DNS keyserver (was Re: gnupg-1.0.7: keyserver subdir?)

David Shaw dshaw@jabberwocky.com
Wed Jul 10 00:39:01 2002


On Tue, Jul 09, 2002 at 07:09:16PM +0200, Simon Josefsson wrote:
> Florian Weimer <Weimer@CERT.Uni-Stuttgart.DE> writes:

[ using CERTs for key distribution ]

> One advantage would be that eventually it could be possible to secure
> the link between a domain and user in that domain (consider
> company.com signing its zone containing references to their users
> keys).  Then a fake business card and a fake uploaded key on a
> keyserver isn't enough to mount a man-in-the-middle attack.

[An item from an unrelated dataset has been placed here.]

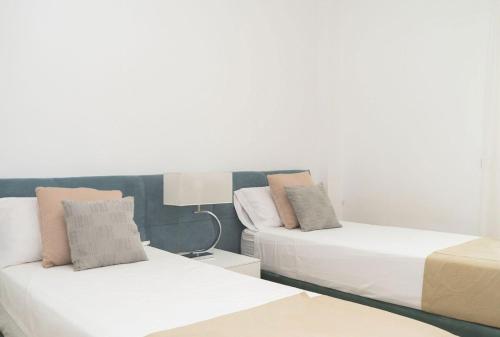 a bedroom with two beds and a lamp at Exclusivo Atico en La Cala Golf in La Cala de Mijas
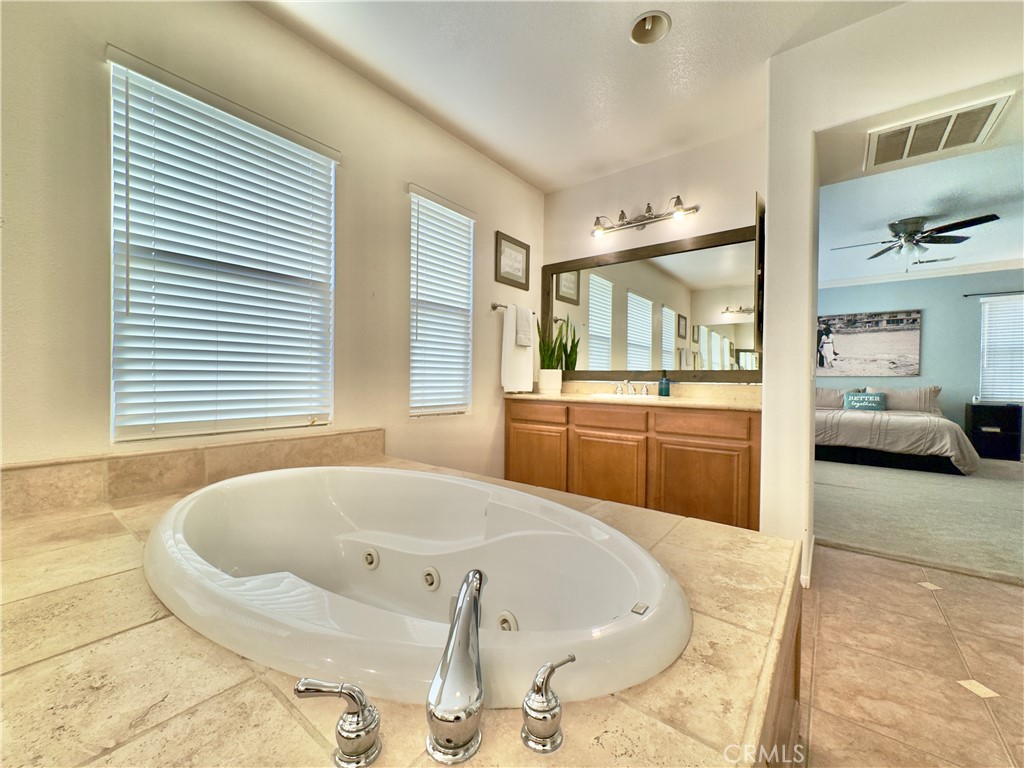11265 Runyan Road Beaumont, CA 92223 - Photo 2 of 138 a bathroom with a tub sink and mirror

Signed answers can be useful for some things, but unfortunately there
is no ready way to translate the zone trust (company signed zone
containing a CERT) to the GnuPG web of trust (signature on the key
that was retrieved).  To properly place the key in the web of trust,
the company would have had to sign the key itself, and once they do
that it doesn't matter if the zone is signed or not.

> > It might work better if you just store minimal revocation certificates
> > (those used by GnuPG) in DNS.
> 
> Yes, that should be done.  If DNS is used for that, I don't see how it
> harms to have DNS as an option for retrieving certificates too.  I'm
> sure lots of people will continue to use HKP for many years anyway.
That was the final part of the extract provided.